The DRASTIC-LU/LC map was categorized into low, moderate and high-vulnerability zones with the respective areas of 29.2 km2, 120.4 km2 and 124.4 km2. The central part of the study area falls into the high-vulnerability zone, being contributed to, mainly by the aquifer media (sandy and alluvium), the relatively shallow water table depth (<10 m), gently slope (<12%) and settlement land use pattern (dense habitation). The southern part of the study area falls into the moderate-vulnerability zone, despite having a relatively high net recharge and high vadose zone impact. This is because the area is found on a high elevation (slope > 18%) where there is less habitation and limited anthropogenic activities. The northern part of the study area is found in the low- to moderate-vulnerability zones due to high water table depth, low recharge, low vadose zone impact, clay soil type and relative low hydraulic conductivity as well as a large part of the area being bare land. The groundwater vulnerability to nitrate contamination is arguably associated with geochemical redox condition of the groundwater and depth of the aquifer [33]. Accordingly, in a high-vulnerability groundwater zone, the aquifer is relatively shallow and there is a possibility of a high concentration of nitrate (NO3) and oxygen gas (O2). In a moderate-vulnerability zone, the aquifer depth is moderate and the presence of oxidizing agents such as manganese (Mn2+), Iron (Fe3+) and sulphate (SO42−) is common, while in the low-vulnerability groundwater zone, the aquifer depth is deep and the presence of the reducing agents such as hydrogen sulfide (H2S), iron (Fe2+) and methane (CH4) gas is common.
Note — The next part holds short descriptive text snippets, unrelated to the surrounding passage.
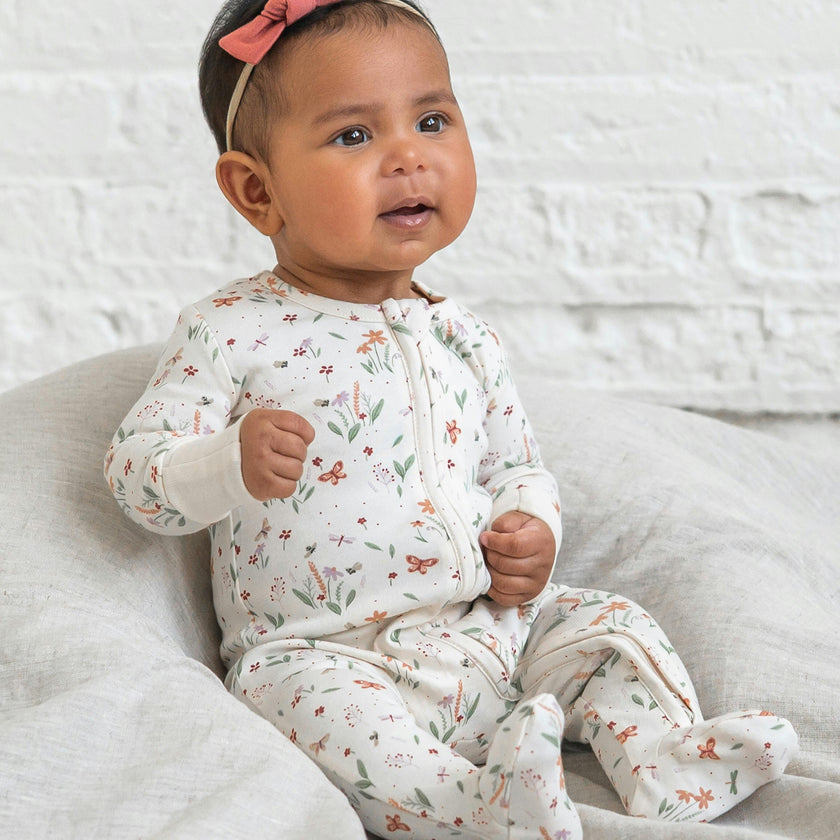 Peyton Zipper Sleeper - Butterfly / Fog + Mint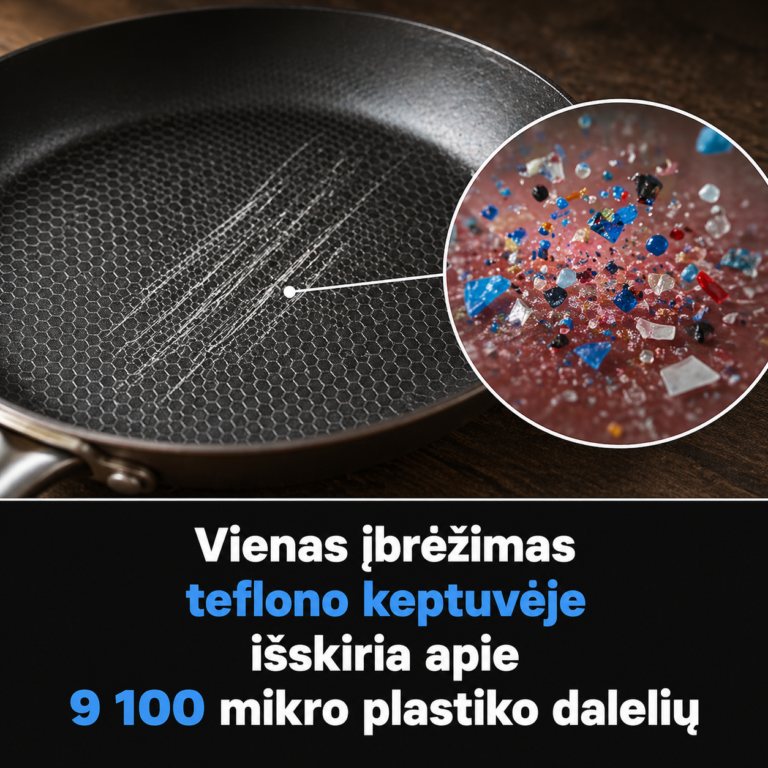 Moksliniai tyrimai: Vienas įbrėžimas teflono keptuvėje išskiria apie 9 100 mikro plastiko dalelių 7 Moksliniai tyrimai: Vienas įbrėžimas teflono keptuvėje išskiria apie 9 100 mikro plastiko dalelių
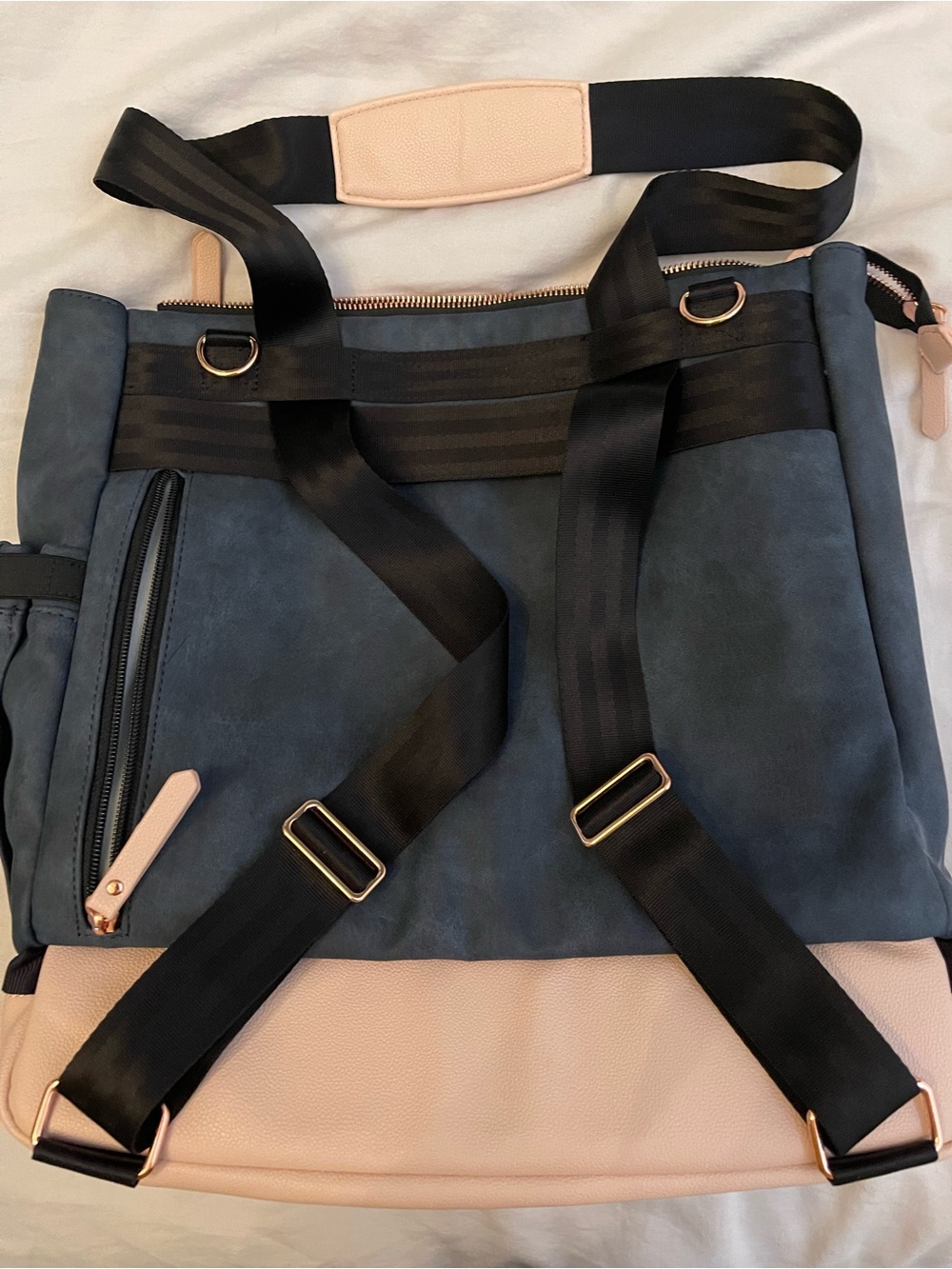 Petunia Pickle Bottom Navy and Blush Convertible Backpack/Diaper Bag - Picture 2 of 6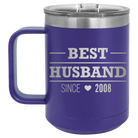 Personalized purple 15 oz vacuum insulated coffee mug with 'Best Husband' design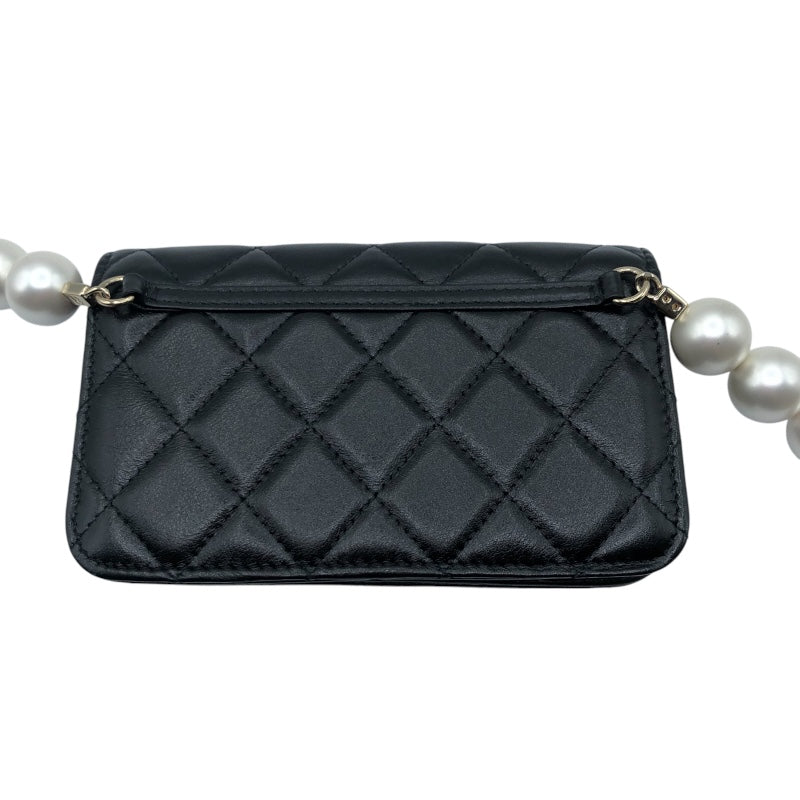 CHANEL チェーンウォレット　コインパース　マトラッセ　ショルダー　パール CHANEL チェーンウォレットコインパースマトラッセショルダーパール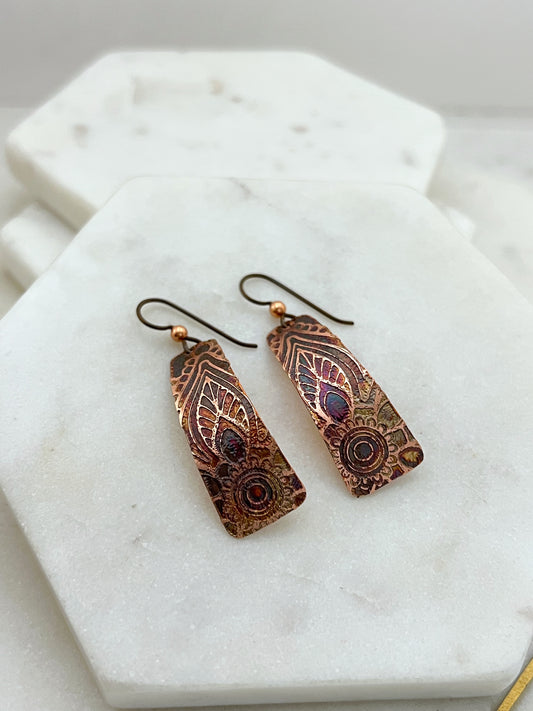 Acid etched copper irregular rectangle earrings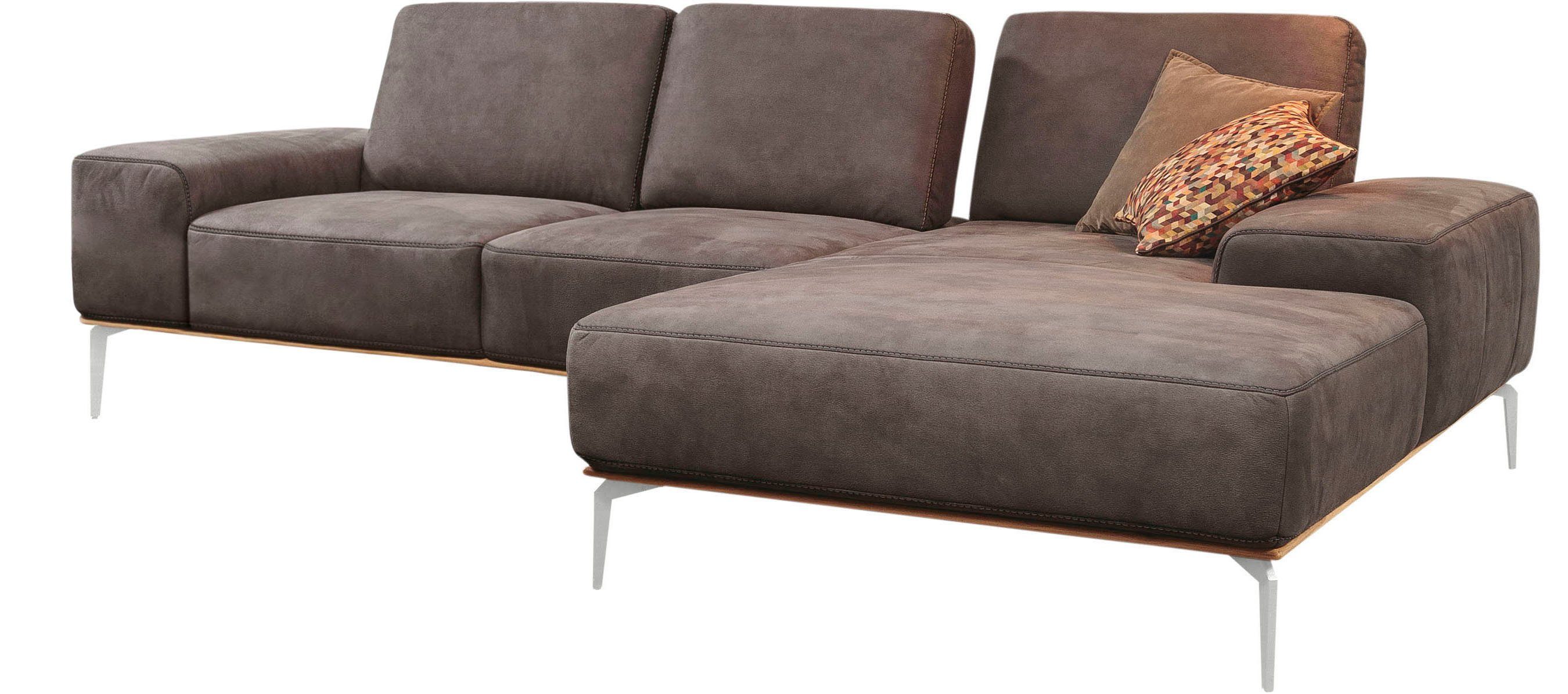 W.SCHILLIG Ecksofa run, Designsofa mit tollem Sitzkomfort, L-Form, mit elegantem Holzsockel, Füße in Chrom glänzend, Breite 279 cm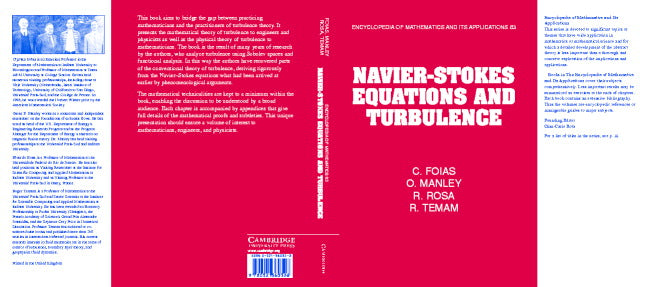 Navier-Stokes Equations and Turbulence (Hardback) 9780521360326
3.3. Nitrate Concentration in Groundwater

A total of forty groundwater samples were analyzed for nitrate and physico-chemical parameters, as presented in Table 4.
The water temperature in the study area ranged between 25 °C and 33 °C, with a mean value of 29.33 °C and a standard deviation of 1.67 °C. The recommended temperature in water for various purposes should range from 20 °C to 35 °C (TBS, 2008). The groundwater temperature range in the study area were therefore in the permissible range. The pH of groundwater in the study area ranged from 5.86 to 9.4, with a mean of 7.35 and a standard deviation of 0.64. Based on the standard from the World Health Organization (WHO, 2011) and Tanzania Bureau of Standards (TBS, 2008), the pH of water for drinking and other domestic uses should range from 6.5 to 8.5 and from 6.5 to 9.2, respectively. The findings show that pH values which deviate from the established standards were recorded at Msongeni (Bigwa, 5.86), slightly acidic, and riverside (Mwembesongo, 9.4), slightly alkaline. The decrease in pH favors the dissociation of natural rocks and induces chemical substance into groundwater, hence groundwater contamination [13].
The electrical conductivity of water is directly related to the concentration of dissolved ions in water; thus, a high value of EC implies that more ions are dissolved in water. The EC was measured in the field immediately after water sampling because conductivity changes with time and depends on temperature. The electrical conductivity of the groundwater ranged from 200 to 4500 (μs/cm), with a mean value of 1639.4 μs/cm and a standard deviation of 1015.24 μs/cm. The recommended electrical conductivity for domestic water uses is 1400 μs/cm and 2000 μs/cm, based on WHO, (2011) and TBS (2008) standards, respectively. From these standards, it is observed that 22.5% and 57.5% of groundwater samples in the study area deviate from TBS and WHO standards, respectively, an indication of the presence of more dissolved solids in groundwater.
Similarly, the total dissolved solids (TDS) ranged from 110 mg/L to 2475 mg/L with a mean value of 901.67 mg/L and a standard deviation of 558.38 mg/L. TDS in water indicates the presence of salts and inorganic matter in water. The chief elements are potassium, chloride, magnesium, nitrate, sodium, calcium, carbonate, hydrogen carbonate and sulphate, though these elements were not analyzed in this study. The recommended amount of TDS by TBS (2008) and WHO (2011) should be in the range of 500–600 mg/L and 500 mg/L, respectively. It was observed that 57.5% of groundwater samples have TDS above the permissible limit (Table 4).
Nitrate concentration in groundwater ranged from 4.4 to 284.1 mg/L with a median value of 47.5 mg/L and a standard deviation of 79.3 mg/L. Based on the WHO (2011) and TBS (2008) standards, the concentration of nitrate in groundwater for drinking should not exceed 50mg/L. Thus, 45% of the groundwater samples had a nitrate concentration beyond the permissible level, and an extremely nitrate concentrations (>200 mg/L) were recorded at Kingolwira, Mwembesongo, Mazimbu, Uwanja wa Taifa, Mafiga and Bigwa wards. According to previous studies [12], the background concentration of nitrate (from rock source) in Tanzania has been established at 2.5 mg/L. Thus, the elevated concentration of nitrate in groundwater above the background concentration is highly influenced by anthropogenic activities taking place in the study area. This was proved during fieldwork, where most of the septic tanks in different places were observed to be installed nearby wells with less consideration on the effect of elevation. Furthermore, the ongoing urban farming activities (e.g. home gardens) associated with the use of fertilizers may be another factor for the observed high nitrate concentration in groundwater. The spatial distribution of nitrate concentration was provided with the risk classification (Figure 13) modified from [2].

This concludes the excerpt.